Students can expect a construction-free school year
NEW CUMBERLAND – For the first time since 2010, students in Hancock County will start the new school year without any major construction projects competing for their attention.
Students will return to class on Wednesday. Teachers began the 2014-15 school year on Monday.
Superintendent Suzan Smith is reveling in the fact that the construction projects tied to the 2010 bond call are behind her.
“It’s a good feeling to know that they’re all completed and the students can enjoy (the buildings),” Smith said. “I have to give the students and the faculty a lot of credit because they have had to work with construction going on around them.”
The last project to be completed was the construction of Weirton Elementary School, which was dedicated on Aug. 10. The building will serve more than 900 students from pre-kindergarten to the fourth grade, replacing Weirton Heights, Broadview and Liberty elementary schools.
All that remains of the bond call projects is the demolition of the three old Weirton elementary school buildings this fall, Smith said.
Ron Blatt, project manager for Project and Construction Services Inc. of Wheeling, told the school board recently that the $26 million project came in under budget.
“For a bond call project of this size to be under budget – any board of education would be pleased to have the results you had. I can’t say enough about it,” Blatt said.
The cost included construction, land acquisition, site work, architecture and construction management fees, and “soft” costs such as insurance and permits, he said.
Board President Jerry Durante credited the voters of Hancock County for passing the $37 million bond levy in November 2010, which prompted a $19 million match from the West Virginia School Building Authority.
“I’m still amazed that the people in Hancock County passed this because these have been hard times,” he said.
Durante also gave credit to Smith. “It’s been a real challenge, but she’s seen it through,” he said. “People need to realize – we did every school in this county.”
In addition to the new school, the bond levy paid for the construction of multi-sports complexes at Oak Glen and Weir high schools; a new wrestling room at Oak Glen Middle School; major renovation and additions to Allison and New Manchester elementary schools; new science labs and restrooms for the high schools; and new heating, ventilating and air conditioning for the John D. Rockefeller IV Career Center.
The lack of construction activity, however, doesn’t mean that the new school year will be an uneventful one. Here are some other changes facing Hancock County Schools:
* Fourteen Weirton school buses will now be based out of the New Cumberland bus garage as a cost-saving measure, despite the objections of some bus drivers, and the high school and middle school bus routes will be consolidated.
* Oak Glen High School has a new principal – David Smith – and two new assistant principals – Kevin Logue and Carla Carinci-Bell.

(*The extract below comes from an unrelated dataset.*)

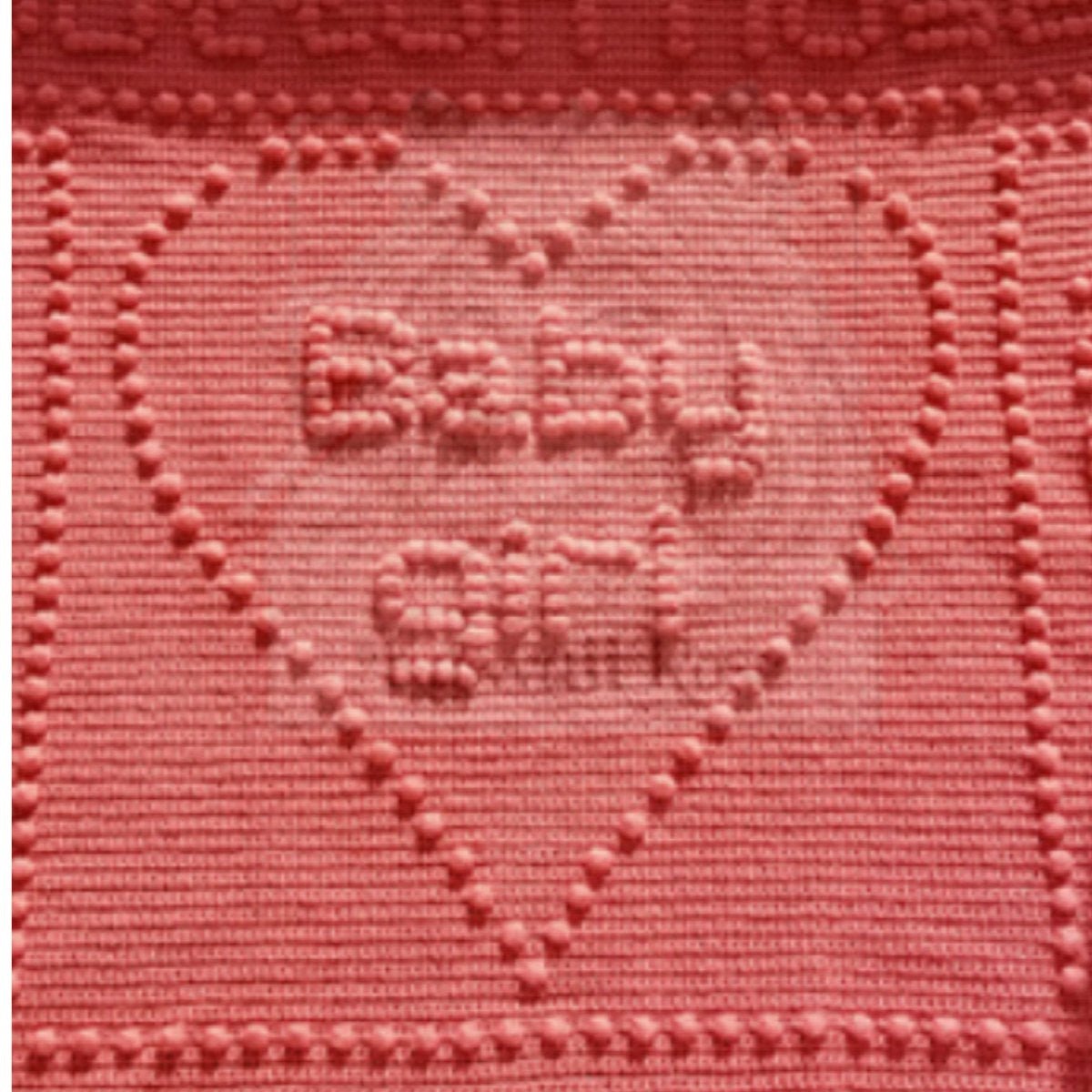 Button Nose Baby Blanket Crochet Pattern for Baby Blanket Words Girl Heart Puff Bobble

Logue was a special education teacher at OGHS, and Carinci-Bell was an assistant principal at Weir Middle School.
Smith, 45, comes to the head principal’s job with one year of experience as an assistant principal at OGHS, seven years as an assistant at OGMS and two years at Weir Middle.
Previously, he taught special education for two years at Allison Elementary and eight years at OGHS, where he also coached basketball.

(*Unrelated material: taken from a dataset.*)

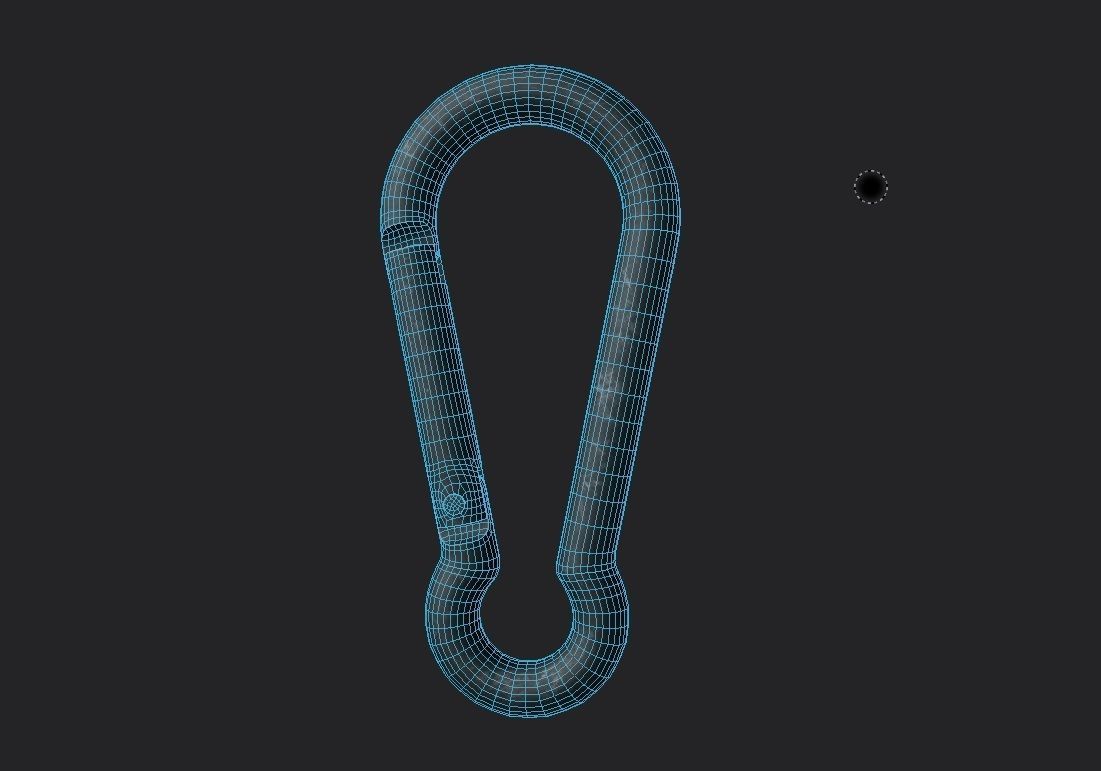 Carabiner Hook Model 01C Low-poly 3D model_6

“I have a lot of ties to the school and to the community. I’ve really wanted to be a part of the community my whole life, so it’s been a nice transition for me,” said Smith, who graduated from OGHS in 1987.
* This is the first school year in which West Virginia districts have up to 48 weeks to reach the required 180 instructional days and to make up any days lost to weather. In 2014-15, Hancock County Schools decided to have more out-of-school days “built in” to lessen the chances of the school year going long.
* Hancock County’s three elementary schools will have prevention resources officers (PRO) assigned to them for the first time since the PRO program was introduced in 1998.
Hancock County is believed to be the first school district in West Virginia to assign officers to elementary schools. They are Hancock County sheriff’s deputies: Brian Hissam (Weirton Elementary); Scott Gittings (Allison Elementary); and Doug Wade (New Manchester Elementary).
The other resource officers are Deputy James McGaffick (OGHS) and Deputy Brian Cunningham (OGMS).
* The Common Core State Standards Initiative continues to be implemented at the class level. “We’re phasing it in right now,” Smith said.
* This is the second year for the trimester schedule at the county high schools. OGHS Principal David Smith said the schedule has been “tweaked” to work better this year.
“Me being here for a year definitely gave me an understanding of the trimester schedule, not that it’s an easy schedule to work with. We were able to do some things with it,” he said.
* The school district expects to launch its Hancock County Cyber Academy, believed to be the first public online school in West Virginia, in the second trimester.